This provides the following iterative algorithm:
$$
\theta_{k+1} = \theta_k - \begin{pmatrix} 2 - 400\theta_k(2) + 1200\theta^2_k(1) & -400\theta_k(1) \\ -400 \theta_k(1) & 200\end{pmatrix}^{-1}\begin{pmatrix} -2(1-\theta_k(1)) - 400\theta_k(1)(\theta_k(2)-\theta^2_k(1)) \\ 200(\theta_k(2)-\theta^2_k(1))\end{pmatrix}\,.
$$

In [None]:
f = rozenbrock
iterations = 10
for exp_it in range(25):
    x0 = 5*np.random.randn(2)
    params,  lik = NR_loop(f, x0, iterations)
    plt.plot(lik, '-', lw=2)
# Configure plot
plt.yscale("log")
plt.title('Newton Gradient descent - random initialization')
plt.xlabel('Number of iterations')
plt.ylabel('Likelihood')
plt.tight_layout();

###### **Convergence**

Assum that the target function $f$ is convex and twice differentiable. Assume also that:
- $\nabla f$ is $L$-Lipschitz and $\nabla^2 f$ is $M$-Lipschitz ;
- $f$ is strongly convex with parameter $m$.

Then, there exists a constant $c$, for all $k>0$,
$$
f(x_{k+k_0}) - f(x_*) \leq c \left(1/2\right)^{2^k}\,,
$$
where $k_0$ is the number of steps until $\|\nabla f(x_{k_0+1})\|$ is below a fixed threshold.

**Locally, the method is quadratically convergent**, that is, there exists $c>0$, such that if $\|x_k –x_*\|\leq c$, then $\|x_{k+1} –x_*\|/c\leq (\|x_k –x_*\|/c)^2$. Thies yields
$$
\|x_k –x_*\|⩽c(\|x_{k_0} –x_*\|/c)^{2^{k-k_0}},
$$
where $k_0$ is such that $\|x_k –x_*\|\leq c$.

Newton's method is **sensitive to initial conditions**, in particular for non-convex objective functions. 

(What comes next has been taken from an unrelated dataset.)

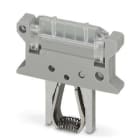 PHOENIX CONTACT - PHC0920216 ST-T SPINA DI SEZIONAMENTO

Newton’s method is **very computationally intensive**. The computation of the inverse Hessian scales as **$O(d^3)$** which is prohibitive in high dimensional settings.

###### **Built-in optimization**

In [None]:
import torch
from autograd_minimize import minimize
x0 = 5*np.random.randn(2)
minimize(f, x0, backend="torch")

In [None]:
# Try switching `torch` to `tensorflow` as backend
minimize(f, x0, method='Newton-CG', precision='float64', tol=1e-8, backend="torch")

### <font color=darkred> Quasi Newton - Broyden-Fletcher-Goldfarb-Shanno (BFGS) method</font>

Newton's method has a fast rate of local convergence (quadratic). Started in a neighborhood of the solution, convergence occurs in just a few iterations.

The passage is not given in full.